I'm guessing the reason McCain settled on Palin is that he couldn't convince anyone better to run. I'd imagine, for example, that Tim Pawlenty knows that a McCain/Pawlenty ticket wouldn't stand a chance against Obama/Biden. Pawlenty would devote tremendous effort and spend credibility capital and all he'd get was to have been associated with a loser.

It's Obama-Biden. I'm taking bets.


Anonymous said...

That will interesting to see. That day, substance and skill might count for something.

But it might not. When was the last time experience, substance and skill mattered in this election?

Anonymous said...

We'll see.

It is what they are actually going to DO in office, after all.

Obama's speech...throw money at schools, GM, and everything else without raising taxes (he'll find it between the lines of the budget! Good one.) rings hollow.

Obama/Biden is a liberal dream team, McCain/Palin a conserative one.

I do believe that Obama is sharp and if elected will test spending/taxes and find that it doesn't work and will then move on. McCain knows spending won't work.

Anonymous said...

Marty, with your posts this past week I'm seriously doubting your judgment. Choosing Palin was a brilliant move, and McCain just clinched himself the election.

Yes, Biden has superior foreign policy experience, but the Democrats won't dare highlight her lack of overall experience because it will undermine their entire campaign. Obama needed a woman, and he slapped them all in the face when he didn't choose Hillary (and I agree he shouldn't have chosen her). The decision to not put a woman on his ticket will ultimately be his downfall.

No one will suggest Biden doesn't have the edge over Palin in a debate on foreign policy, but it won't matter. You're an expert in what you do, but you don't seem to understand polls and politics.

If experience mattered as much as you think, then this entire election would've been a knockout in round one from the moment McCain and Obama were known to be the two nominees. But it didn't matter then, and it won't matter now with Palin.
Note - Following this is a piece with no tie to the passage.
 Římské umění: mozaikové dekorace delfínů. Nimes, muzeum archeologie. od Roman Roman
McCain sealed the deal today.

Marty Nemko said...

If the deal is so sealed, why is the betting odds (on 58 to 42 in favor of Obama?

I do think that it was wise for him to make a bold choice, and being a woman is a plus. But I believe that choosing a woman with so little experience (And who isn't like, Obama, a Harvard Law School Law Review editor), will be viewed as what it is--pandering to women.

John said...

Marty, as far as I know, Alaska is not "the smallest state." I agree with you on the silliness of the pick though.
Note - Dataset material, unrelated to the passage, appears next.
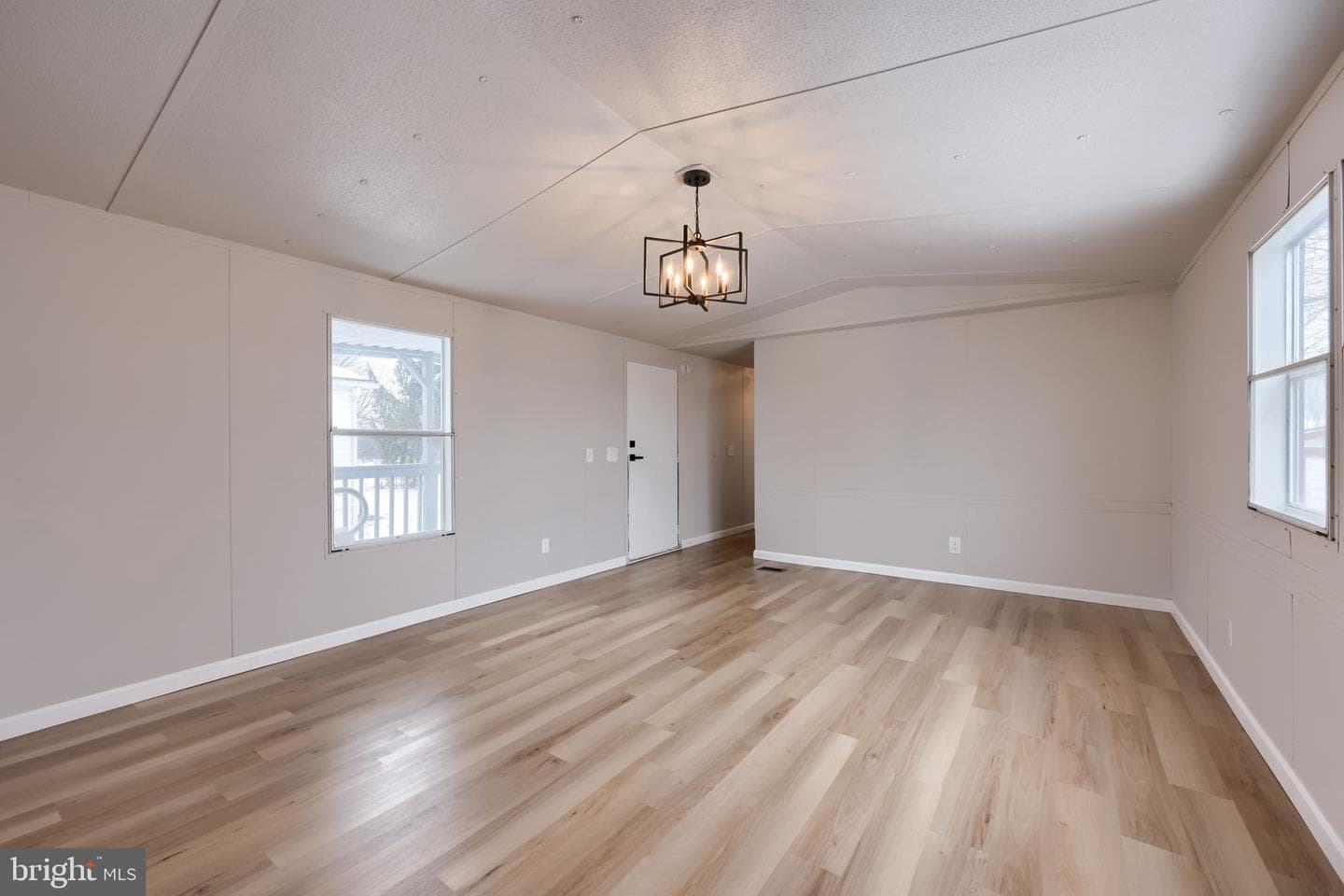 215 Fawn Meadow Crossing photo 2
You should consider, though, how Biden will fare against Palin in the debates. He can't hit her too hard. The public will get angry.

Anonymous said...

At my office, when people heard the news, people seemed impressed and said what I'd guess many people are saying: that no matter who is voted into office, history will be made.

And that's what matters most to people, isn't it? The novelty of either the first woman vice president or the first black president, not the best people for two of the most important jobs in the world.

Marty Nemko said...

Sad, isn't it.

That's what worries me about a guy like Obama. He occasionally talks about trying to get past race and gender, but most of what he says is extremely race and gender conscious.
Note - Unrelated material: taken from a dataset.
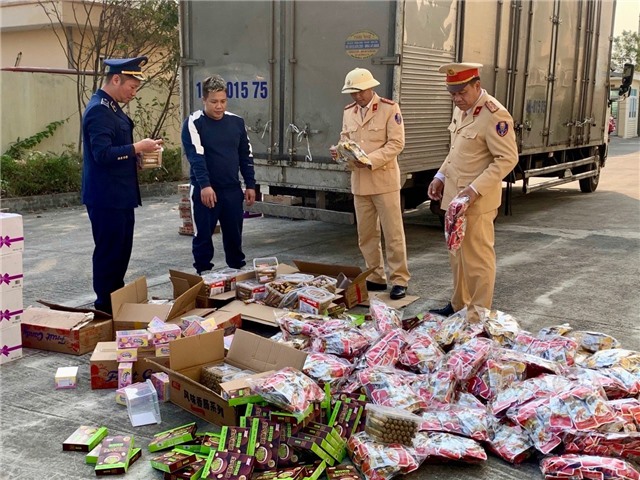 Thành phố tăng cường công tác chống buôn lậu, gian lận thương mại và hàng giả bảo vệ Người tiêu dùng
I believe one of the unintended side effects of his presidency will be to increase people's identity with their race and gender, thereby encouraging them to, often falsely, claim victimhood, and thereby actually reduce their efficacy in the world.

And whites, especially white males, will come under ever greater attack, unfairly, yet will be forced to remain silent lest they lose their job or be excoriated by peers who have drunk the Obama race/gender-centric Kool-Aid.

Anonymous said...

I'll take your bet, Marty.

I wonder if those absurd odds you quoted from Intrade ever gave McCain a chance to win the primaries.

Anonymous said...

I am a hillary supporter and Mccain will get NO Hillary votes with this pick if that is what he was attempting (and I believe it was). Hard right inexperienced Palin brings nothing to the McCain ticket that he didn't already have. This is actually one of the worst decisions I have ever seen McCain make.